**TRY IT**
Could every line below be transcribed exactly, with the pictures dropped?

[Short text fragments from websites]
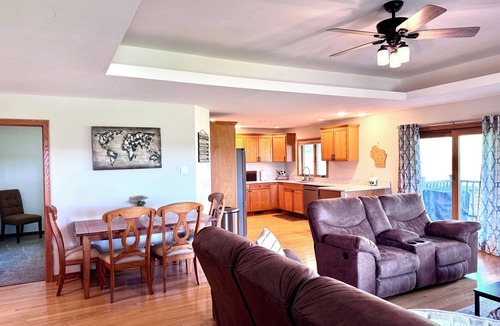 Hillsboro Condo | Spacious Hillsboro Condo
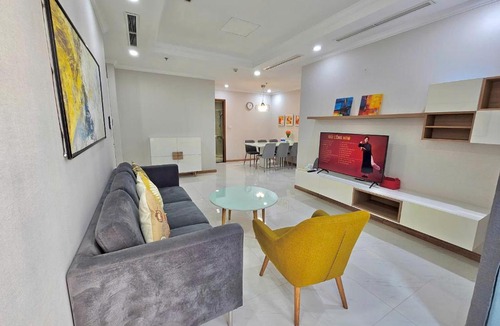 Hang Xanh Apartment | Vinhomes Aparment Landmark 81 View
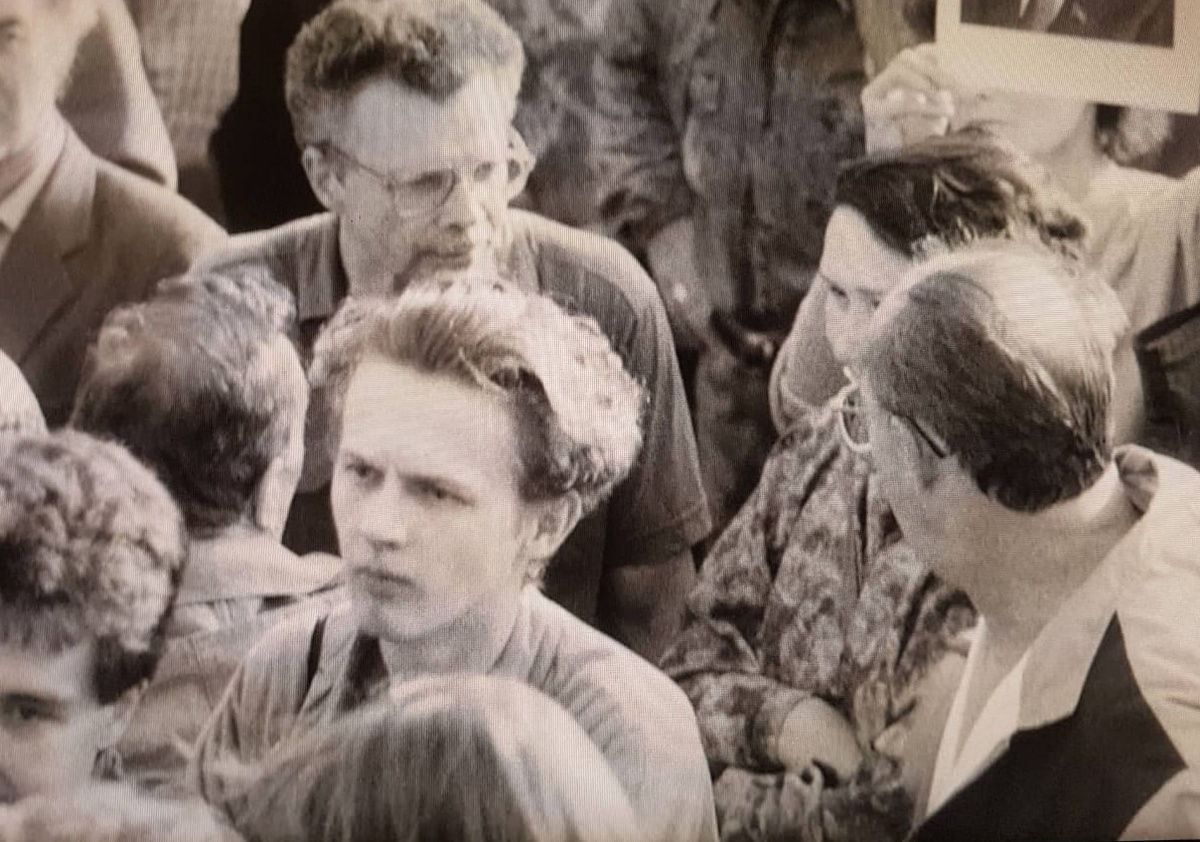 Журналист Юрий Фомиченко в гуще событий, митинг в Новосибирске, 1991 год. Работал тогда в "Молодости Сибири"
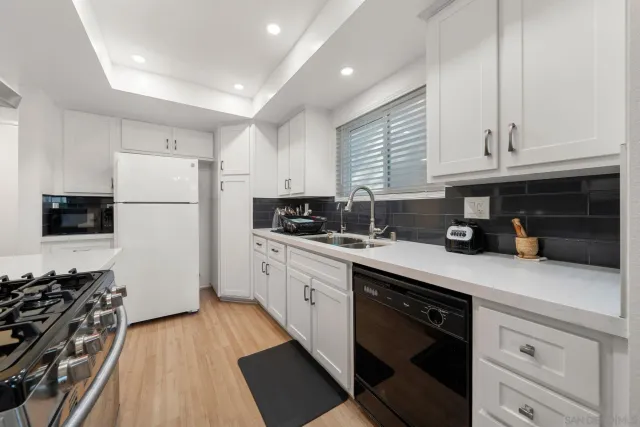 $3,250 | 13815 Johannesberg Drive, Unit 8, Poway, CA 92064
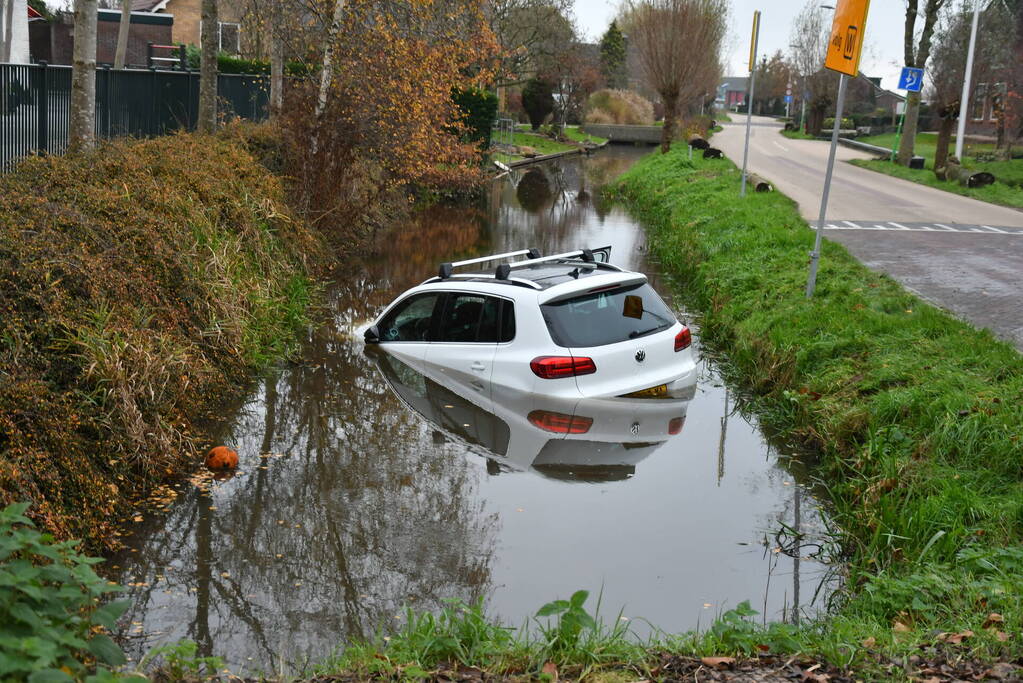 Hulpdiensten rukken groots uit voor voertuig te water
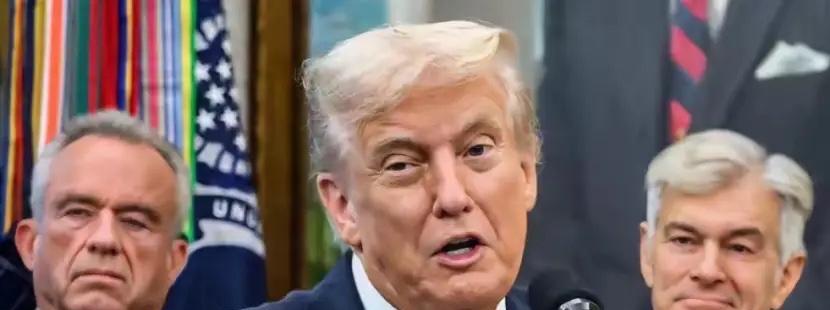 美国怂了？
特朗普及美国财长贝森特在多个公开场合公开表示，希望中国能给个面子，恢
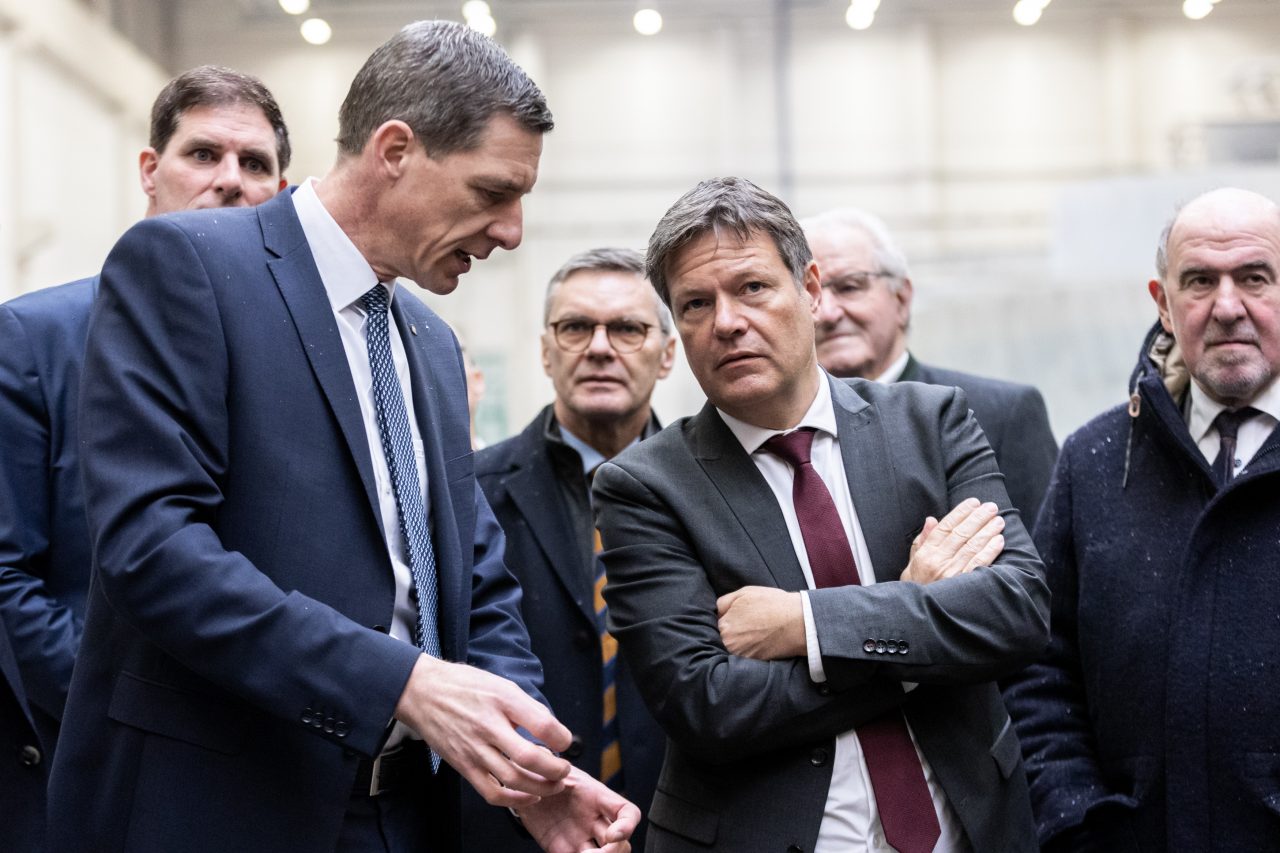 Minister Habeck bei Max Bögl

**EXERCISE SOLUTION**
 Hillsboro Condo | Spacious Hillsboro Condo
 Hang Xanh Apartment | Vinhomes Aparment Landmark 81 View
 Журналист Юрий Фомиченко в гуще событий, митинг в Новосибирске, 1991 год. Работал тогда в "Молодости Сибири"
 $3,250 | 13815 Johannesberg Drive, Unit 8, Poway, CA 92064
 Hulpdiensten rukken groots uit voor voertuig te water
 美国怂了？
特朗普及美国财长贝森特在多个公开场合公开表示，希望中国能给个面子，恢
 Minister Habeck bei Max Bögl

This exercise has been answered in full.